In this blog, let’s explore how advanced strategic sales coaching transforms average salespeople into top performers — and why it’s become a must for sales organizations that want to stay competitive.

Why Traditional Training No Longer Works

Many sales organizations still rely on outdated training models: one-size-fits-all workshops, static scripts, and endless product-focused presentations. These methods fail to reflect the realities of modern buyers, who are more informed and value-driven than ever.

Sales success strategies today must focus on relationship-building, adaptability, and long-term value creation — none of which can be taught through old-school sales training. That’s where advanced strategic sales coaching makes all the difference.

Unlike traditional training, coaching focuses on real-world application, personalized feedback, and continuous development. It helps sales professionals move beyond scripted pitches and empowers them to think, adapt, and connect in meaningful ways.

Building a Consultative Sales Mindset

One of the core outcomes of advanced strategic sales coaching is the development of a true consultative sales approach.

Rather than simply “selling,” top-performing reps act as trusted advisors. They invest time in understanding the client’s pain points, business goals, and decision-making process. This consultative mindset leads to stronger client relationships, higher-value deals, and increased loyalty.

At Tyson Group, coaching programs are designed to foster exactly this kind of consultative sales approach. Through scenario-based training, role-playing, and tailored coaching sessions, sales professionals learn how to ask the right questions, actively listen, and co-create solutions with their clients — a key ingredient in today’s most effective sales success strategies.

Personalized Development Drives Results

What makes advanced strategic sales coaching so effective is its highly personalized nature.

Unlike generic training, coaching focuses on each sales rep’s unique strengths and areas for improvement. It provides real-time feedback and targeted guidance, helping every individual grow faster and more efficiently.

For instance, some sales professionals might struggle with objection handling, while others need to improve their prospecting skills or negotiation tactics. Through advanced strategic sales coaching, each team member receives tailored development aligned with their role, market, and sales cycle.

This individual attention accelerates performance improvement, ultimately resulting in stronger teams and better overall outcomes for the organization.

Embedding Sales Success Strategies into Daily Practice

It’s one thing to learn a new skill — it’s another to consistently apply it. This is why a critical goal of advanced strategic sales coaching is to embed new sales success strategies into the team’s daily practices.

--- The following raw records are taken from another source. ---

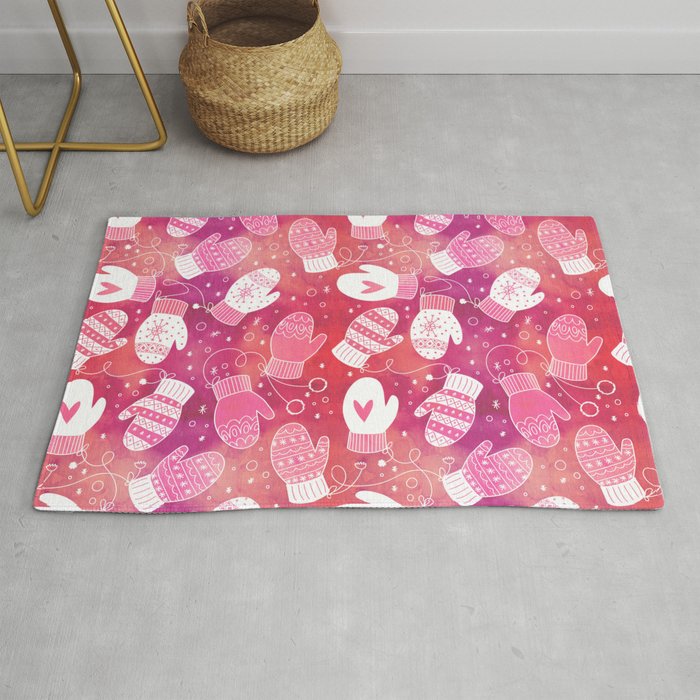 Winter Mittens in Pink Pattern Rug @ Society6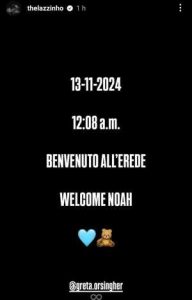 Lazza annuncio figlio Instagram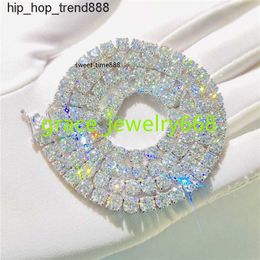 Bracelet 925 Silver Custom Druzy Jewelry VVS Moisanite 3 mm 4 mm 5 mm Collier Hip Hop Street Rapper Accessoires Colliers pour femmes
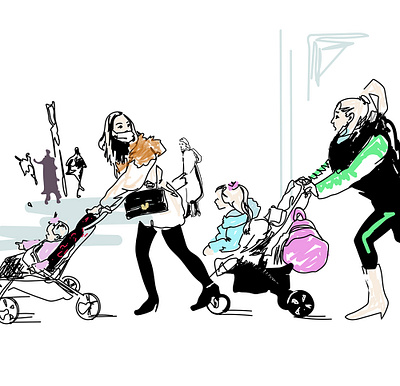 Vector illustration, two fashionable young mothers with girls ru baby caricature cartoon child design fashion gossip illustration mom parents realistic sale shopaholic shopping sketch vector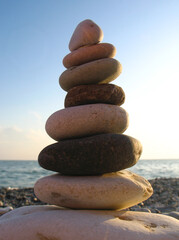 Sea pebble towers on seacoast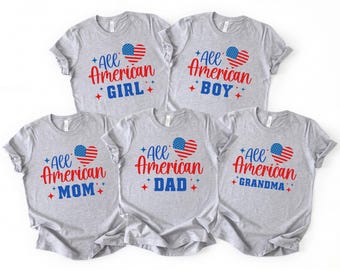 All American Family Shirt,  Fourth Of July Crew Tee, Independence Day Gift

At Tyson Group, coaching programs emphasize repetition, reinforcement, and accountability. Regular coaching sessions ensure that sales reps continue refining their skills and internalizing the behaviors that drive results.

By turning best practices into habits, advanced strategic sales coaching helps teams achieve sustainable improvements, not just temporary spikes in performance. This habit formation is key to developing truly high-performing sales teams.

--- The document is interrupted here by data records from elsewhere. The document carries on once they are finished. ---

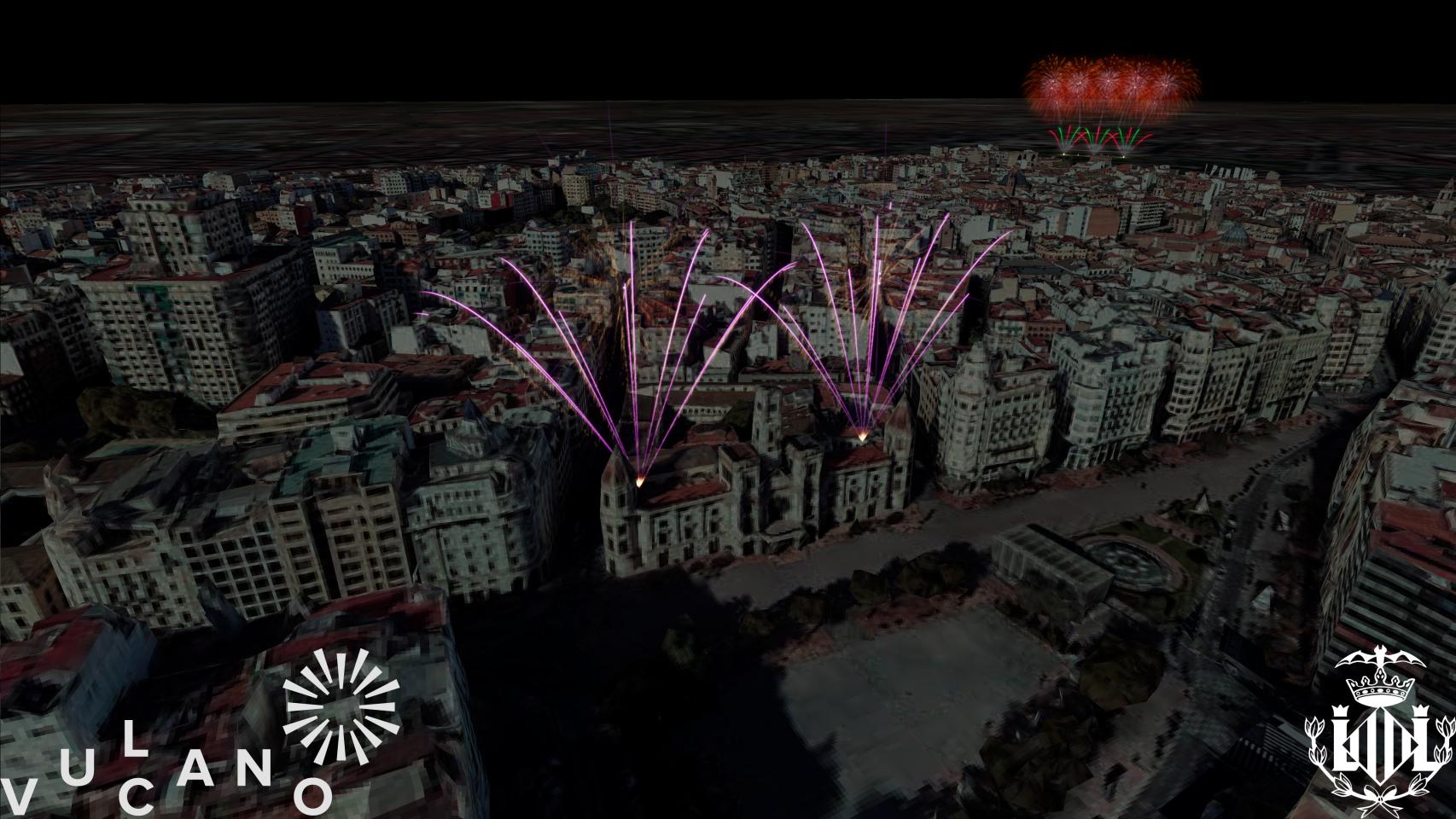 Muestra del disparo simultáneo de los cuatro castillos artificiales en el cielo de Valencia, en Nochevieja. EE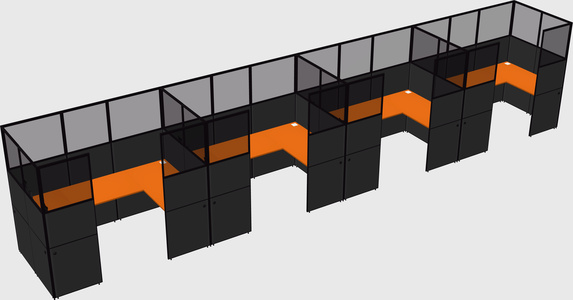 U-shaped cubicle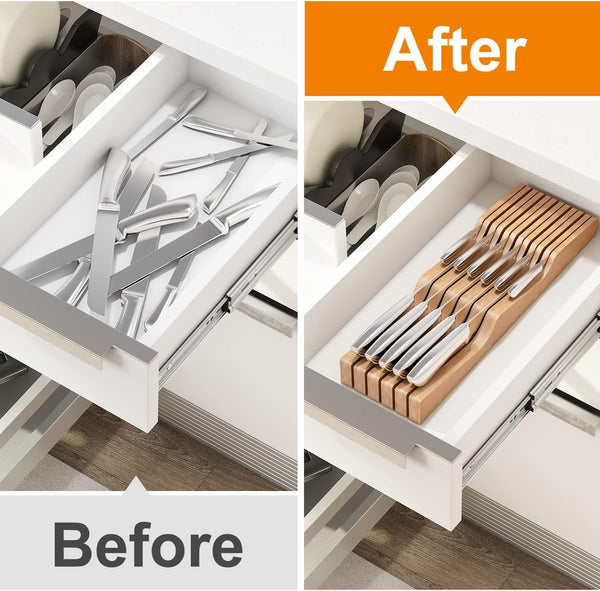 In-Drawer Knife Block Organizer - Bamboo Wood Drawer Knife Organizer-Protecting Knife Organizer Block (Not Included) (Natural, 11 Knives Dock)4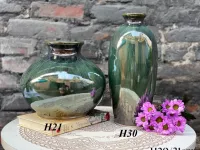 Lọ hoa Bát Tràng men hỏa biến màu xanh lục cao 21cm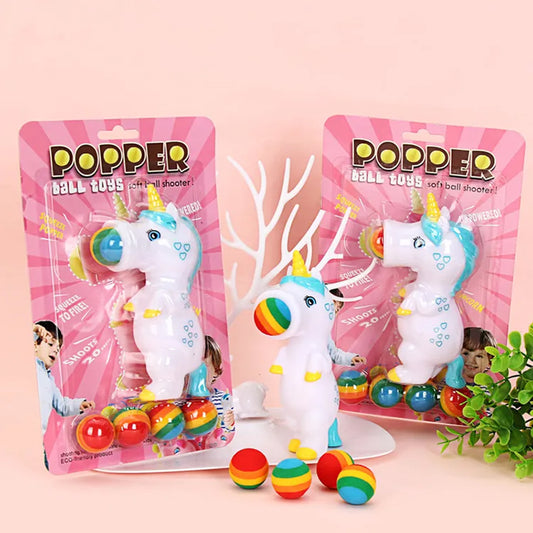 Unicorn Squeeze Popper With 5 Balls Toy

Creating a Culture of Continuous Improvement

Great sales teams never stand still. They adapt, learn, and evolve constantly.

That’s why advanced strategic sales coaching is more than just skill-building — it’s about fostering a culture of continuous improvement. Coaching encourages sales professionals to seek feedback, challenge themselves, and strive for personal and professional growth.

A strong consultative sales approach thrives in this kind of environment, where curiosity, resilience, and innovation are valued. Teams that embrace this mindset are far more likely to develop creative sales success strategies, exceed client expectations, and drive long-term business growth.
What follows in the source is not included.